When Walter had been here exactly a year, Preacher Man arrived at the airport, leaving a trail of broken hearts and eardrums in Texas. He was frantic with a case of canine Tourettes. If I put him in my lap, he unbuttoned my shirt and threw my glasses across the room, in some pathetically bad impression of a bodice-ripping novel, starring a swash-buckling orator-Corgi. Swash-buckling in that he prefers Pirate-themed belly bands (cummerbunds that position a feminine hygiene product appropriately, creating the illusion that the dog might have the occasional “accident.”) Preacher thinks being house-broken is for saps.

Preacher Man has never made it to the barn. If he gets out of the backyard with the other dogs, he bolts straight down the driveway, across the road and over the far horizon. He has wanderlust. And a leash on, which limits his mucking ability.

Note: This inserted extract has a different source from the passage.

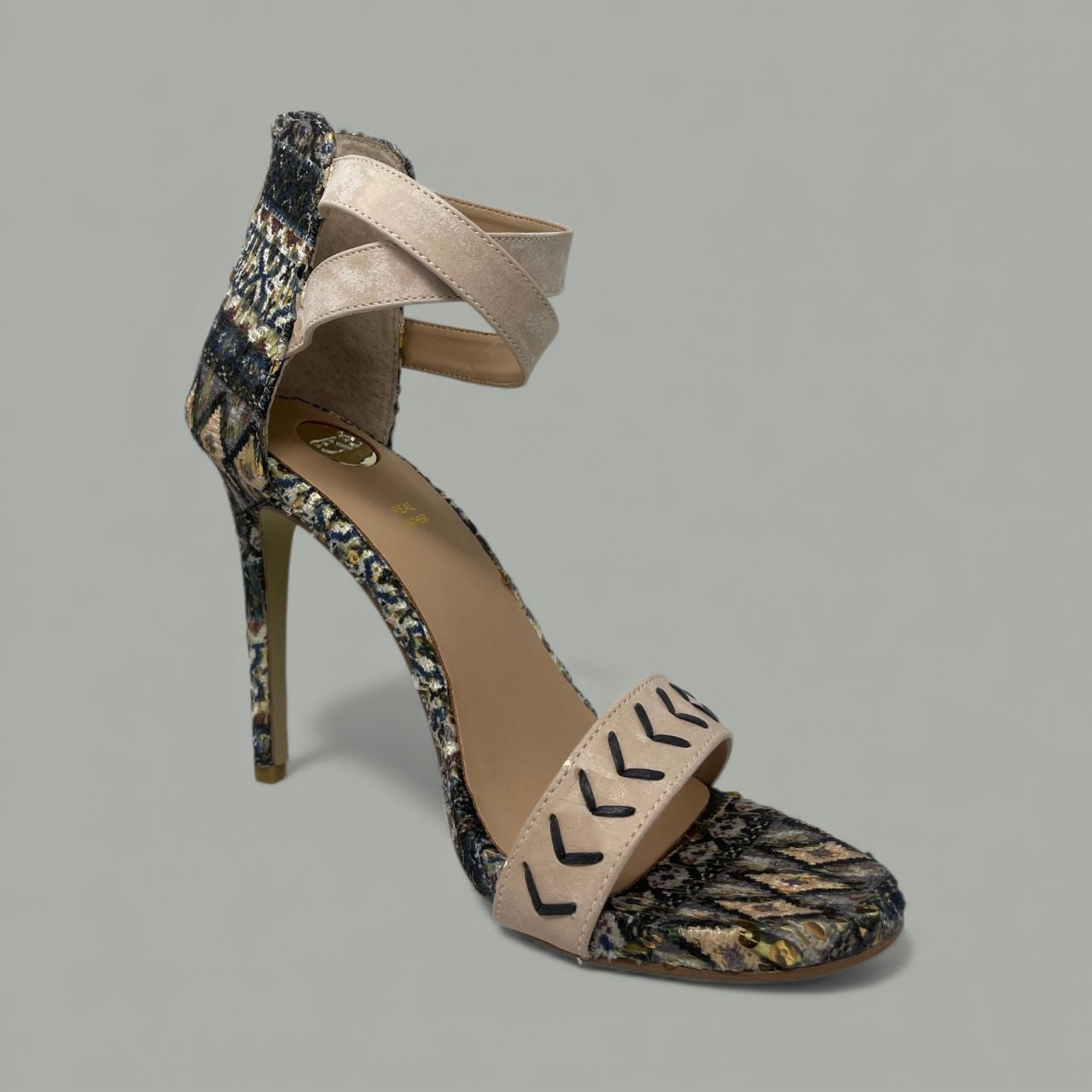 EXE - SILVA STILETTO SANDAL - SIZE 40 - NUDE BLACK BLUE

Under the deskBut they most prefer their inside job of waiting under my desk when I write, like sleeping sharks. They love my writing, of course, and sometimes I drop my lunch. I’ve learned that the secret to living with screaming alarms, day and night, is to not be alarmed.

To be honest, when I was younger I was a lost dog myself. I desperately needed that unconditional Golden love for a while. Years later, I found my voice and I barked like Preacher. To love a bad-dog is to celebrate love in the form of chaos. It’s just as unconditional, just a bit more open to the uncontrollable. It means living in a place of constant forgiveness. Another word for that is rescue.

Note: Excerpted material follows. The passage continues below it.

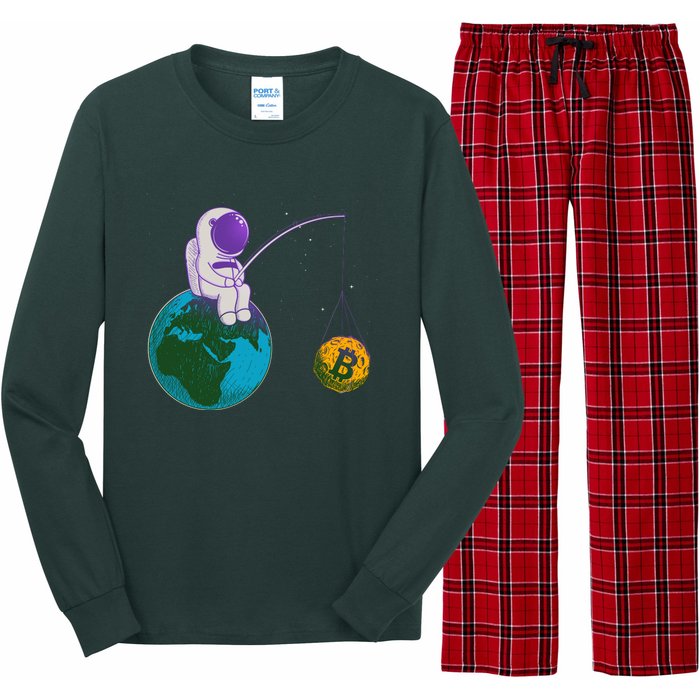 Funny Fishing Bitcoin Space Astronaut Long Sleeve Pajama Set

And now there are some days, when Preacher is able to sit quietly meditating, draped over my lap like a wet towel. He is soft and manages just a few sighs and moans, which is almost like being quiet… and I see a Corgi version of that look Aggie gave the trash man 30 years ago.

Dogs. Bless their big fat hearts. Where would we be without them?

Anna Blake, Infinity Farm.

And Happy Birthday to Tomboy, Happy Gotcha Day to Walter and Preacher Man.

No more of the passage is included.